The primary purpose of a federated corporate site is to promote products and secondarily to sustain the brand. Corporate interests are the main audience and to a lesser extent customers and prospects.
Federated sites typically reflect the following principles
- Associated with parent brand
- Streamlined corporate site that includes limited product information, and/or links to products or product sites
- In certain cases product sites may link back in global navigation to parent site
- Corporate site can be trimmed down to focus specifically on corporate audience
- Product or business groups are not restricted by the corporate platform messaging, technology, or timelines for their campaigns or sales cycle
- Product sites may not receive the same benefit from the close association with the parent brand
- Customer confusion may arise due to differences between parent brand, products, and wholly-owned subsidiaries
- Fewer opportunities for up-sell and cross-sell
An example of a federated corporate site is Microsoft with its customer focused navigation. It uses a consistent fat-footer (through many of the sites) that links back to the parent site. Major products and solutions associated that are associated with the brand, but are located separate sub-domains (msdn.microsoft.com, support.microsoft.com, etc.).
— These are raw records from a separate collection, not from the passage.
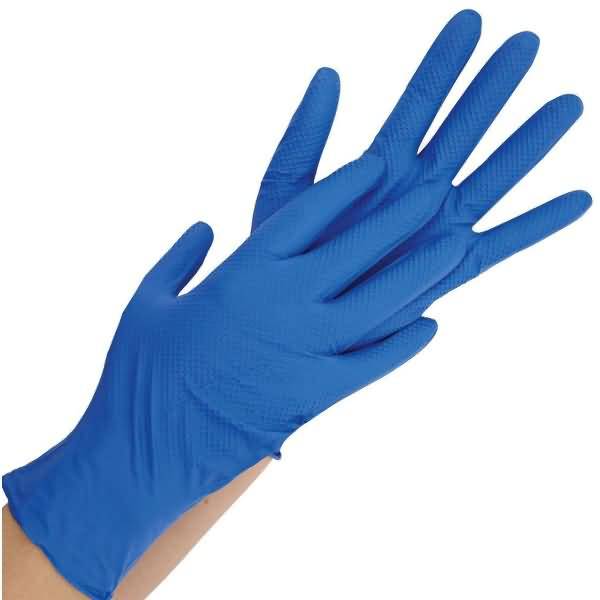 Nitril-Handschuh Power Grip puderfrei S 24cm dunkelblau VE=50 Stück
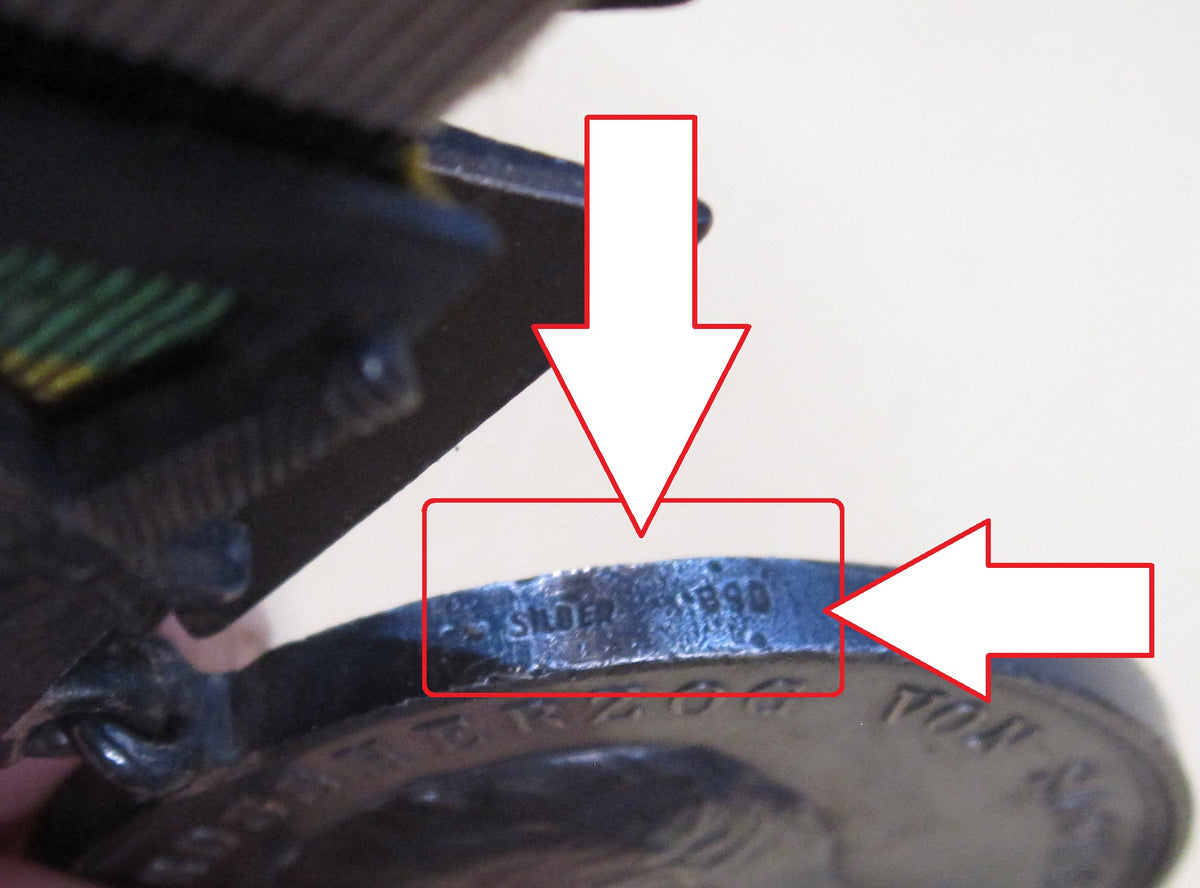 3er Ordensspange Verdienstmedaille in Silber Sachsen Weimar Eisenach mit Schwerterspange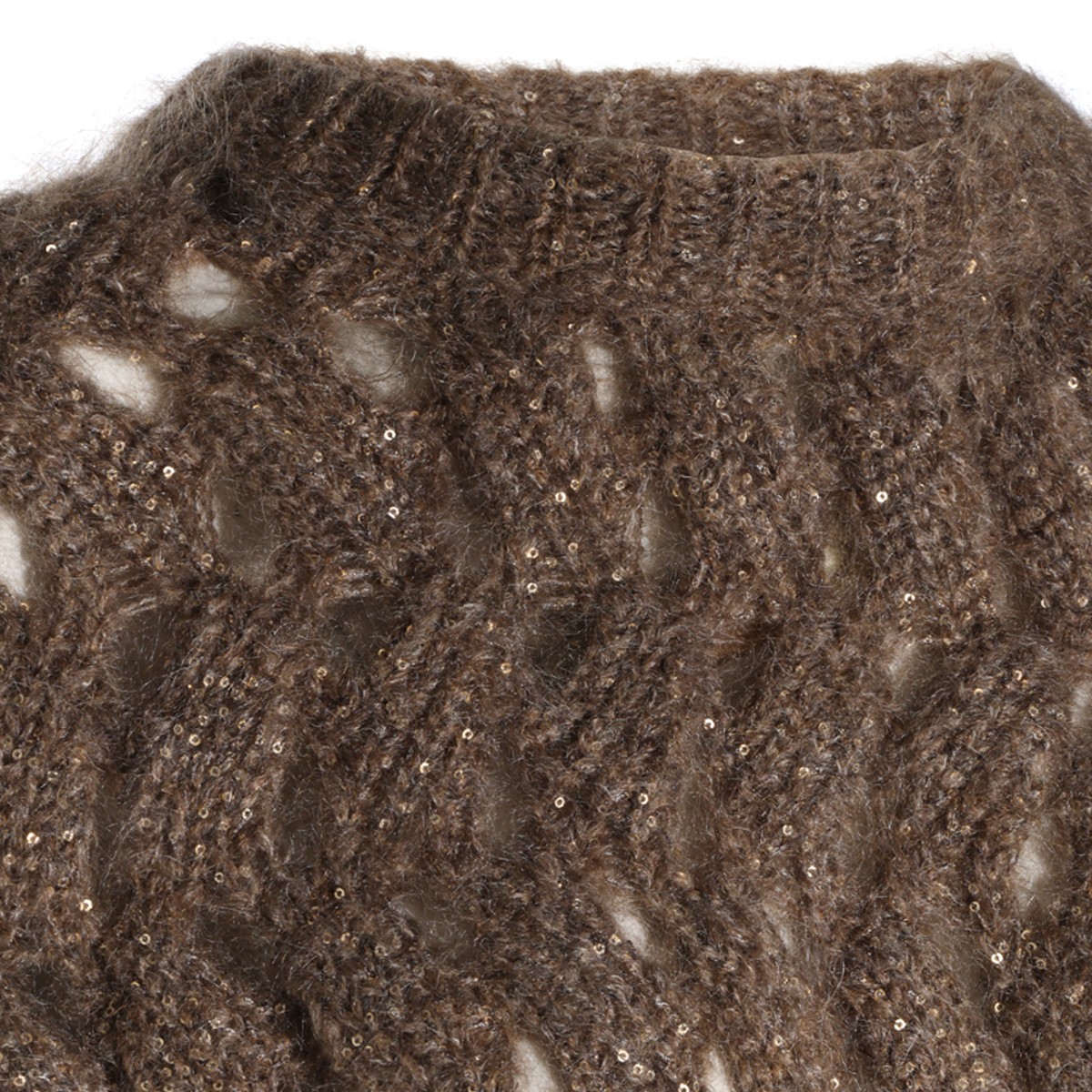 BEIGE MOHAIR SWEATER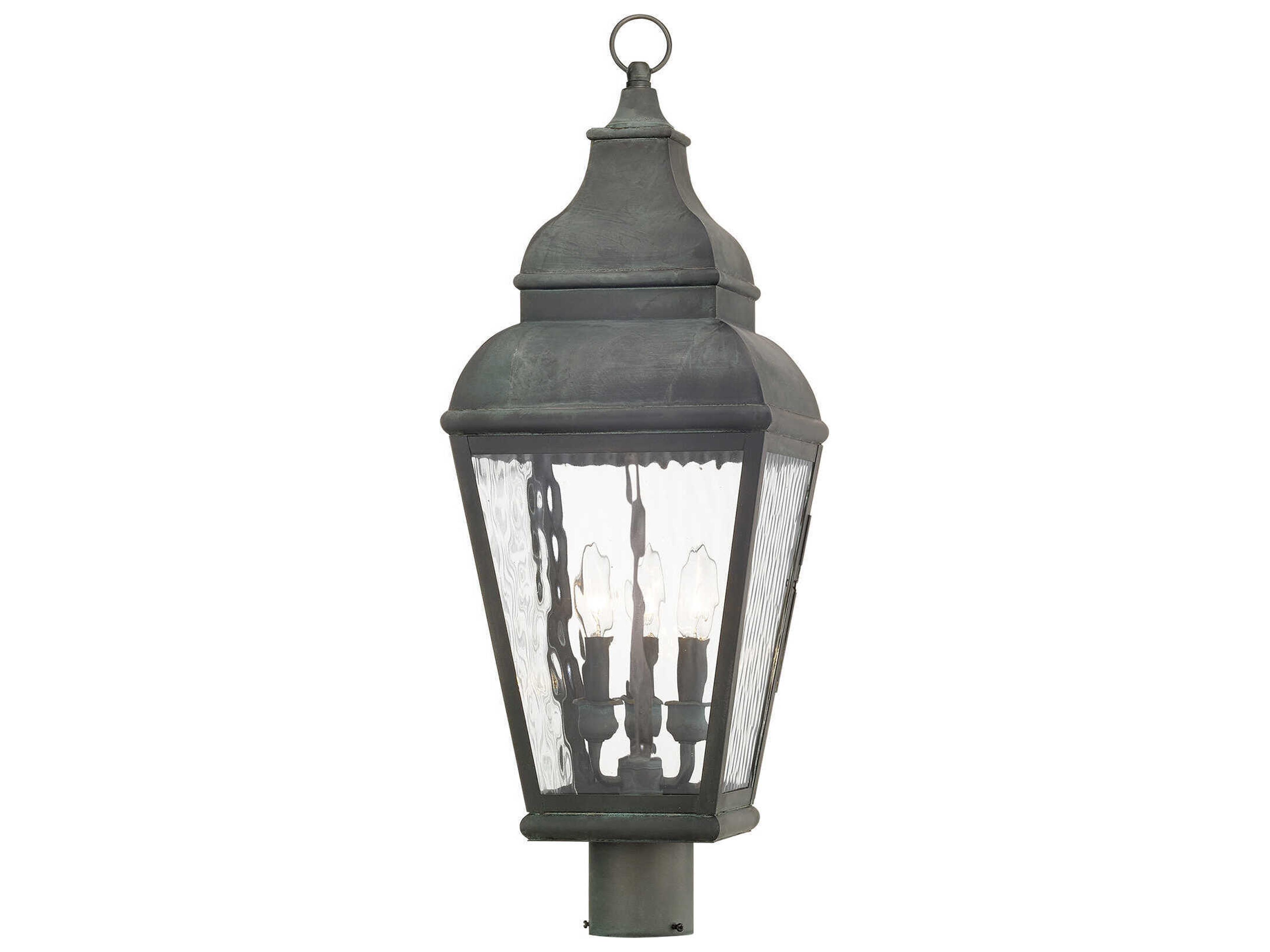 Livex Lighting Exeter 3 - Light Outdoor Post Light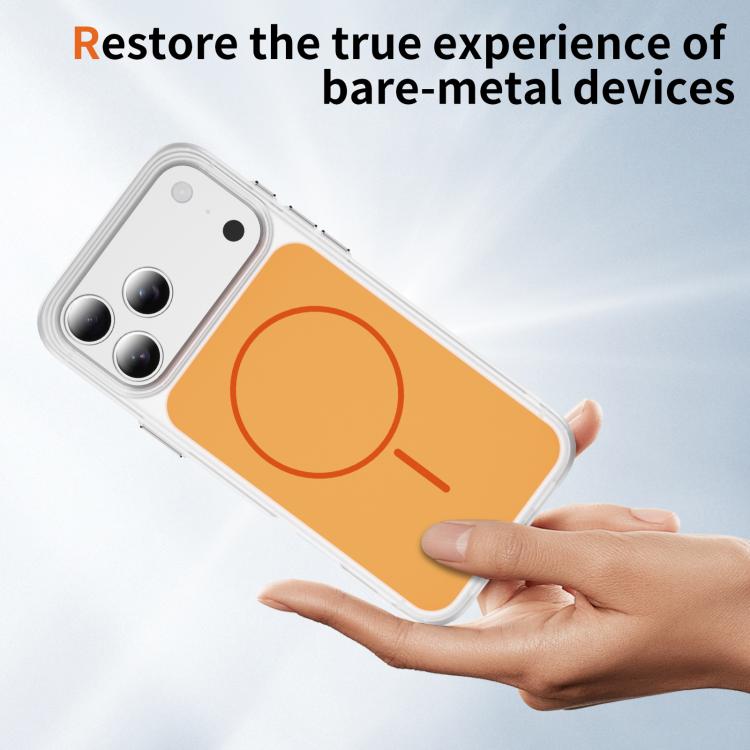 For iPhone 17 Pro Max Crystal Frosted Skin Feel Magnetic MagSafe Phone Case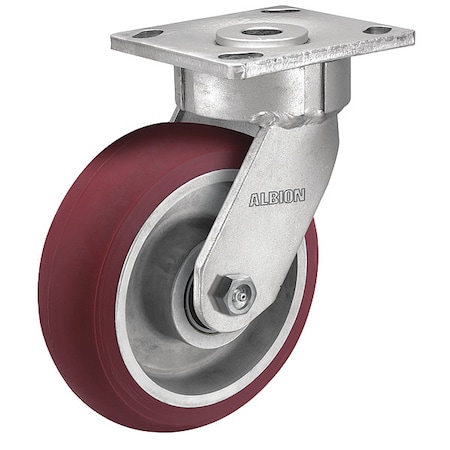4" X 2" Non-Marking Polyurethane Swivel Caster, No Brake, Loads Up To 800 lb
The Good: Microsoft has achieved a cohesive federated strategy that allows products, its solutions and support to be associated with the parent brand (Microsoft), while the major product sites remain largely siloed. The use of the consistent footer makes it easy for users to find a variety of corporate or product information no matter their current location. There is also a link to the Microsoft Store, one of the few federated examples of a site that also functions as a product portal.
The Bad: Despite the consistency of branding and association with the parent site, the shear mass of content can make for a confusing user experience. While there are links back to the parent site, they are not always obvious and a user can get lost in a rabbit hole. In addition to the product segmentation (office, windows, azure, etc.), there are also customer segments, which can increase the cognitive strain on the user.
GE is a federated corporate site with cohesive corporate content. The corporate site provides a list of products and categories with links that take the user to the content off the primary corporate domain. With a diverse customer base of those looking to buy a dishwasher to those looking to buy a jet engine, a federated corporate site make sense. With these divergent needs, the individual product and solutions sites provide the right content to the user.
Measurement for Success
With a site purpose to promote products, success of a federate corporate site starts with the defined objectives for each of the corporate and product site segments. The focus is on the content that impacts the brand, where the user is asked to engage with the content, as well as how the federated model facilitates the cross-linking between the product (revenue) and corporate sites.
A complement to online metrics are online customer satisfaction and brand awareness studies. This combines the quantitative and the qualitative data to evaluate the overall success of the corporate federated site.